Question
In patients who have cancer of the esophagus that is potentiallly removable by surgery, does the use of chemotherapy before surgery result in improved survival?
Background
Cancer of the esophagus often is not discovered until it is at quite an advanced stage. This means that even removing the tumor through surgery is not very successful, and many people die within five years. Chemotherapy (cancer-fighting drugs such as cisplatin) has been used before surgery to try to shrink the tumor, making it easier to operate on and stopping it from spreading. Therefore, chemotherapy may help people to live longer.
Study characteristics
This review included information from 13 randomized studies and combined results from 2122 patients to answer our question regarding survival.
Key results
This review of 13 trials, including patients with esophageal cancer of any cell type, found some evidence that cisplatin-based chemotherapy may help them to live longer. However, chemotherapy may introduce side effects.
Quality of the evidence
This review used information from randomized studies that is considered to represent the highest quality of evidence.
In summary, preoperative chemotherapy plus surgery offers a survival advantage compared with surgery alone for patients with resectable thoracic esophageal cancer, but the evidence is of moderate quality. Some evidence of toxicity and preoperative mortality have been associated with chemotherapy.
Surgery has been the treatment of choice for patients with localized esophageal cancer. Several studies have investigated whether preoperative chemotherapy followed by surgery leads to improvement in cure rates, but individual reports have provided conflicting results. An explicit systematic update of the role of preoperative chemotherapy in the treatment of patients with resectable thoracic esophageal cancer is, therefore, warranted.

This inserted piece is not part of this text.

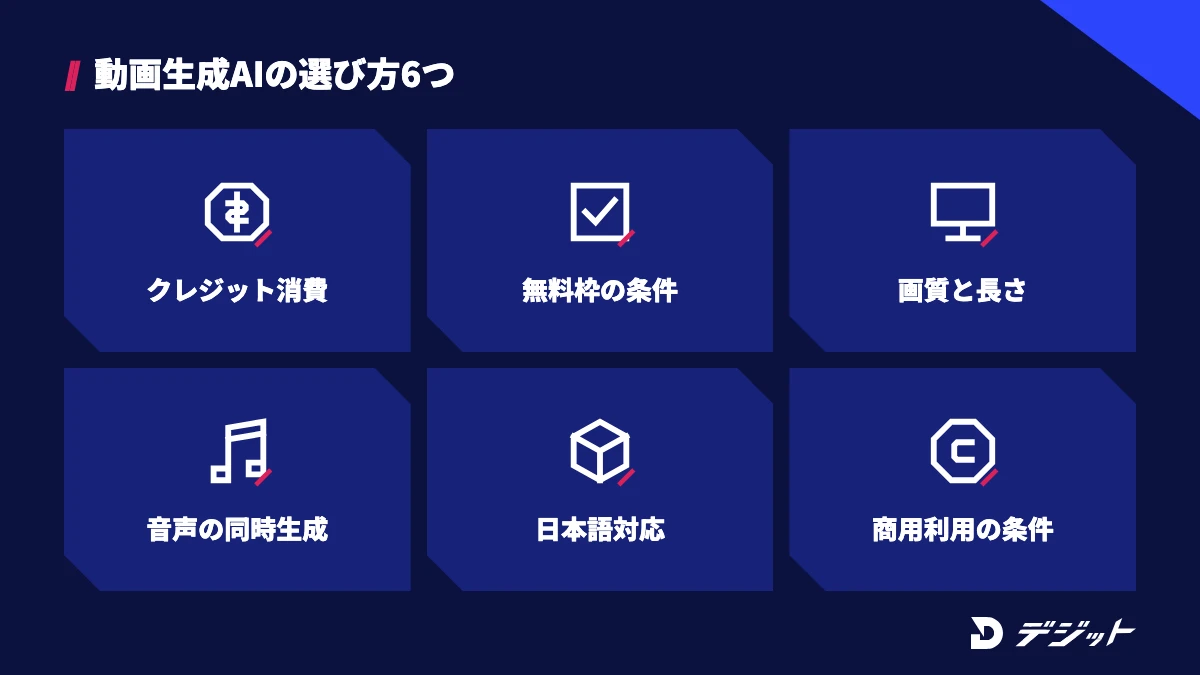 動画生成AIの選び方6つ。1秒あたりのクレジット消費、無料枠の条件、画質と1回の長さ、音声の同時生成、日本語対応、商用利用の条件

The objective of this review is to determine the role of preoperative chemotherapy in the treatment of patients with resectable thoracic esophageal carcinoma.
We identified trials by searching the Cochrane Central Register of Controlled Trials (CENTRAL), MEDLINE (1966 to 2013), EMBASE (1988 to 2013), and CANCERLIT (1993 to 2013). We did not confine our search to English language publications. We updated searches in CENTRAL, MEDLINE, and EMBASE in October 2013.
All trials of patients with potentially resectable carcinoma of the esophagus (of any histologic type) who were randomly assigned to chemotherapy or no chemotherapy before surgery.
The primary outcome was survival, which was assessed with the use of hazard ratios. This is an amendment to the original review, which used risk ratios to assess survival at yearly intervals. Hazard ratios (HRs) have now been introduced to summarize the complete survival experience in a single analysis. Risk ratios (RRs) were used to compare rates of resection, tumor recurrences, and treatment morbidity and mortality.
We identified a total of 13 randomized trials involving 2362 participants. Ten trials (2122 participants) reported sufficient detail on survival to be included in a meta-analysis for the primary outcome. Preoperative chemotherapy improves overall survival (HR 0.88, 95% confidence interval (CI) 0.80 to 0.96) and is associated with a significantly higher rate of complete (R0) resection (RR 1.11, 95% CI 1.03 to 1.19).
No evidence suggests that the overall rate of resection (RR 0.96, 95% CI 0.92 to 1.01), tumor recurrence (RR 0.81, 95% CI 0.54 to 1.22) or nonfatal complications (RR 0.90; 95% CI 0.76 to 1.06) was different for preoperative chemotherapy compared with surgery alone. Trials reported risks of toxicity with chemotherapy that ranged from 11% to 90%.